Ils étaient jugés pour avoir, selon les termes de la citation à comparaître, « par action concertée, commis des violences, des voies de fait ou causer des destructions ou dégradations aux biens meubles ou immeubles privés ou publics ou s’être introduits dans une manifestation avec le dessein d’y commettre ou faire commettre par les autres participants des violences, voies de faits, destructions ou dégradations de biens immobiliers ou mobiliers, en l’espèce la destruction des locaux de la présidence de l’université…d’avoir dans les mêmes circonstances de lieu et de temps porté volontairement des coups à des gendarmes… »

Comme il fallait s’y attendre, un tel jugement ne pouvait se dérouler sans une certaine passion, avec cette coloration politique qu’une partie de l’opinion est encline à lui conférer. Dans cette espèce de guérilla politico-judiciaire, qui a cours au Faso entre les tenants du pouvoir et leurs contempteurs, on a vite fait de voir dans l’Association nationale des étudiants burkinabè (ANEB), la meneuse de la lutte estudiantine, un poste avancé de la subversion. Il faut pourtant dire que les problèmes soulevés par les pensionnaires de Zogona sont réels, tant les conditions de vie et d’études des étudiants se sont considérablement dégradées ces 20 dernières années, malgré les ravalements périodiques de la façade universitaire par les autorités, qui disent faire ce qui est dans leurs possibilités.

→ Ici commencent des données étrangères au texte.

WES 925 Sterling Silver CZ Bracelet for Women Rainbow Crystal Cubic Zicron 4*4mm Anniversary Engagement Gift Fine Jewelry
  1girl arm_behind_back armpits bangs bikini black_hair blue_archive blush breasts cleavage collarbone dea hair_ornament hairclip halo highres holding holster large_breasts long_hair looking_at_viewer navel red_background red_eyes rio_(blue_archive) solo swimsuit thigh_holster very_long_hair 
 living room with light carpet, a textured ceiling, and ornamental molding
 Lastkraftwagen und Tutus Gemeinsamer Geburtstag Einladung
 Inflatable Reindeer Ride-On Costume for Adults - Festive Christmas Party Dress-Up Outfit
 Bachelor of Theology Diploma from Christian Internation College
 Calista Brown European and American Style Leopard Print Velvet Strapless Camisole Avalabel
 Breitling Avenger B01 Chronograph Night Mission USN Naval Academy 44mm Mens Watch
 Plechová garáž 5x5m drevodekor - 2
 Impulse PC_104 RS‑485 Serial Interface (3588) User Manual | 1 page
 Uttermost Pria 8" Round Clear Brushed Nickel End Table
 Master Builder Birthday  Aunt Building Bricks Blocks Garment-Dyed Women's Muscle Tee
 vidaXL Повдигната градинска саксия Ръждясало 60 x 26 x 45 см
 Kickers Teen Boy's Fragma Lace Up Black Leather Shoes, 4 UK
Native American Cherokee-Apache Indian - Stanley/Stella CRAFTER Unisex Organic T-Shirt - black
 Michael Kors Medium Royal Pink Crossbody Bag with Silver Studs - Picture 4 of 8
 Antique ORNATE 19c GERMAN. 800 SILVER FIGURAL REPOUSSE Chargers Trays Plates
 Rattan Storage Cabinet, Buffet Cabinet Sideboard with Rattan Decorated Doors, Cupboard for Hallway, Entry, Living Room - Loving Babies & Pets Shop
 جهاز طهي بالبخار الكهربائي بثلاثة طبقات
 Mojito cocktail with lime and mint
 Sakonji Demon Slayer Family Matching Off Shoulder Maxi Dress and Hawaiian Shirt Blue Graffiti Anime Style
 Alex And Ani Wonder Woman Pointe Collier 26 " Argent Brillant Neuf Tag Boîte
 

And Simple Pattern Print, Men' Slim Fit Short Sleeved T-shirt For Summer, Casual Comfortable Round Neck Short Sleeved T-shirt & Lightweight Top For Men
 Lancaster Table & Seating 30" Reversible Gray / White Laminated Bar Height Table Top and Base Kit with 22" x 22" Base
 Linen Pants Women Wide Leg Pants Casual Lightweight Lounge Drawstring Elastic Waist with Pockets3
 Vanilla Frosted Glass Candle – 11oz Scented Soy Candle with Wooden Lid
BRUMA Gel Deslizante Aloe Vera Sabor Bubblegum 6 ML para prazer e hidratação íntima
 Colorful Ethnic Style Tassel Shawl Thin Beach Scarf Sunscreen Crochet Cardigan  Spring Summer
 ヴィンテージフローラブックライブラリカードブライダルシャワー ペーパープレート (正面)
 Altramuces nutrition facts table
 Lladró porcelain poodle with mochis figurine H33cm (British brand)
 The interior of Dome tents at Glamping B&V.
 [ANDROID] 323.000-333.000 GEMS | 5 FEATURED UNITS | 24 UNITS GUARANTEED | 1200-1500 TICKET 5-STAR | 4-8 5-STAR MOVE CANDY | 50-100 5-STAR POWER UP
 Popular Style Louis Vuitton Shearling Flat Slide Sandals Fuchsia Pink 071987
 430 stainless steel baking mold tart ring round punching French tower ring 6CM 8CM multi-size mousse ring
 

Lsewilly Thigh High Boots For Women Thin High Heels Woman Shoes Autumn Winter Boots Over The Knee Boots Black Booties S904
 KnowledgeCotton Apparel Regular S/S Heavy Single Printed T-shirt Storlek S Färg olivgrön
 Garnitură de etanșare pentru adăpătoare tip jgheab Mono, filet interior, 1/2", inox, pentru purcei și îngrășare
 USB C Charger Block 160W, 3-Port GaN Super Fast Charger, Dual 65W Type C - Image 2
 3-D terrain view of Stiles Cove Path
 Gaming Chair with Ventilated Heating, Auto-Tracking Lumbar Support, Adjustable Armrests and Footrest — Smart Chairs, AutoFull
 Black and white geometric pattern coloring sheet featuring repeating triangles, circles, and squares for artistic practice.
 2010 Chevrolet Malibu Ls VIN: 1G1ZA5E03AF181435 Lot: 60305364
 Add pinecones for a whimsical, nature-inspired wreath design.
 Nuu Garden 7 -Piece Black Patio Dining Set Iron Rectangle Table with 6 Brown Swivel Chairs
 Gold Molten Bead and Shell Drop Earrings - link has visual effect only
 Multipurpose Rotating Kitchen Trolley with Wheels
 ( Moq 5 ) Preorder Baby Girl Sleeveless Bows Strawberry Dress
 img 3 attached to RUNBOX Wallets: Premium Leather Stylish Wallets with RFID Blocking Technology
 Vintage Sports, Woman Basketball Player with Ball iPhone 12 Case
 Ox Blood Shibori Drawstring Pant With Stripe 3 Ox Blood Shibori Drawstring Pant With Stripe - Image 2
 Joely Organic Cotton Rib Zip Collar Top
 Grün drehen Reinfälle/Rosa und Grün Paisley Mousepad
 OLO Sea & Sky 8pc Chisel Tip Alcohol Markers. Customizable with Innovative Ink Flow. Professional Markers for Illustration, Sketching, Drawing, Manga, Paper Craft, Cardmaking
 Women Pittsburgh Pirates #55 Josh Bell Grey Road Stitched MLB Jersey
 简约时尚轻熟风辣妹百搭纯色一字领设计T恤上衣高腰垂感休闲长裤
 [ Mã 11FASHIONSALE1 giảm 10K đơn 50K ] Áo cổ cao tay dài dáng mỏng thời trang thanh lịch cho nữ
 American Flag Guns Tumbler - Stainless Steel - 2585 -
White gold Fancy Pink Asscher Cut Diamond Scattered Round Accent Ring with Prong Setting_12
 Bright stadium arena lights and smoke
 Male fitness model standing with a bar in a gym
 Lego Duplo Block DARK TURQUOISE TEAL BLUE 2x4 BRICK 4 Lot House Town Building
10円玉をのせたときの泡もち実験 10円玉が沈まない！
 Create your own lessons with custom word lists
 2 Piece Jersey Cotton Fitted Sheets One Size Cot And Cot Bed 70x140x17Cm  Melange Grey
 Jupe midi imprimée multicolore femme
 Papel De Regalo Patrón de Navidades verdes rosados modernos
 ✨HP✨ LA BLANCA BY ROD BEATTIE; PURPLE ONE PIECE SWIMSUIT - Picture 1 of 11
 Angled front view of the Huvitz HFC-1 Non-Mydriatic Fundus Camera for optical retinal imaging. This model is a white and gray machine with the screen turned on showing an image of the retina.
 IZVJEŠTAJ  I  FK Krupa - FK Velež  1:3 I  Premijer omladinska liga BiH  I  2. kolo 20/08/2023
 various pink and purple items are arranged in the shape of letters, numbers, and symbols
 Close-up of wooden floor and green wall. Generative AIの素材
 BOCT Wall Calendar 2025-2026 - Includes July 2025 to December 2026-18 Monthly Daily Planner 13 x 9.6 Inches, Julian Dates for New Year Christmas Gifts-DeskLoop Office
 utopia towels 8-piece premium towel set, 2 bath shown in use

Dans ce dialogue de sourds, qui s’est souvent installé entre les deux parties, l’enseignement supérieur burkinabè, lequel a quelquefois frôlé l’abîme, a régulièrement été dans une zone de turbulences, dont les incidents du 17 juin ne sont que les derniers avatars. Les accusés ont-ils été pris, comme l’a affirmé le parquet, « parce qu’ils s’acharnaient avec une violence inouïe, jamais égalée, sur les biens dans les locaux de la présidence de l’université de Ouagadougou » et qu’ils étaient animés « d’une folie meurtrière avec l’intention de porter atteinte à l’intégrité physique des gens » ? Les mis en cause ont, en tout cas pour la plupart, nié en bloc les charges qui pesaient sur eux, et pour leurs avocats, le dossier était vide en fait et en droit.

Comme dans toute action judiciaire, où chacun voit midi à sa porte, quitte à nier l’évidence, difficile de dire qui a raison et qui a tort, tant les arguments des uns annulent bien souvent ceux des autres. Il ne reste donc qu’à s’incliner devant l’autorité de la chose jugée, pour emprunter au jargon judiciaire. Il faut néanmoins se féliciter d’une chose : alors que le ministère public réclamait des peines de prison allant de 18 à 36 mois, le tribunal, présidé par un certain Wenceslas Ilboudo, a finalement décidé de condamner quatre (4) des 35 prévenus à 6 mois de prison avec sursis, une amende de 5000 FCFA et le payement de 1 franc symbolique à l’Etat. Tous les autres, soit 31 personnes, ont été relaxés.

S’agissant d’un procès d’étudiants, c’est ce qu’on pourrait appeler un verdict pédagogique. Tout semble indiquer, en effet, que pour le principe et pour marquer le coup, il fallait traîner les incriminés à la barre, question de leur montrer qu’étudiants qu’ils sont, ils peuvent ou même doivent, à l’image de tous les justiciables, répondre devant la justice des actes qu’ils sont censés avoir posés. Sans pour autant que les magistrats aient la main particulièrement lourde même si l’action judiciaire, en elle-même, pourrait, par ailleurs, être interprétée comme une tentative d’intimidation, dans la mesure où, à l’avenir, les croquants de Zogona pourraient hésiter, par deux fois, avant de tenir le moindre rassemblement, fut-ce au restaurant universitaire.

A quoi ça aurait d’ailleurs servi de renvoyer ces pauvres étudiants à la MACO, sinon qu’à en faire des martyrs de la cause estudiantine, voire des prisonniers politiques pour certains, ce qui, au passage, pourrait contribuer à pourrir davantage l’atmosphère universitaire, qui est déjà suffisamment délétère. Avec les conséquences qu’on peut imaginer pour la validité de l’année académique, dont le calendrier a d’ailleurs être récemment réaménagé. Sentence d’apaisement donc du juge Wens, celui-là même qui a été, pendant de longues années, le magistrat-instructeur du dossier Norbert Zongo avant de lâcher la patate chaude en accordant, en juillet 2006, un non-lieu à l’adjudant Marcel Kafando, jusqu’alors le seul inculpé dans l’affaire.